Explosion at nuclear plant in France, with ‘no radiation risk’
An explosion has occurred at a nuclear facility in northern France, causing minor injuries but no risk of nuclear leak.
A fire caused the explosion in a “non-nuclear” part of EDF’s Flamanville nuclear power plant in northern France on Thursday, causing the shutdown of one of the two pressurized water reactors at the facility.
In a statement, EDF said that the fire had been brought under control by its team there, adding that reactor number 1 had been disconnected from the grid.
Meanwhile, EDF and a local government official said that five people suffered smoke inhalation but there were no serious injuries, adding that there was also no associated nuclear leak.
“It is a technical incident.
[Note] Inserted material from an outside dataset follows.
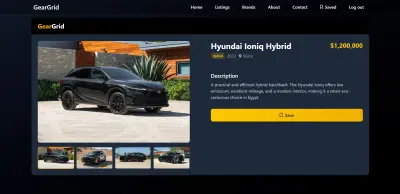 معرض سيارات GearGrid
It is not a nuclear accident,” senior local official Jacques Witkowski told AFP.
He said that authorities had ruled out sabotage as cause of the blast, adding that a ventilator had exploded outside the nuclear zone at the plant.
“It’s all over. The emergency teams are leaving,” he added.
Another senior local official, Olivier Marmion, also said that the blast was a “significant technical event” but “not a nuclear accident.”
The Flamanville facility, located in a commune of the same name, was built in the 1980s and has two 1,300-megawatt reactors. A third reactor is being built at the site, which will be the world’s largest when it goes into operation in late 2018.
France relies heavily on nuclear power for electricity production. Nuclear reactors generate about 75 percent of France’s electricity supply.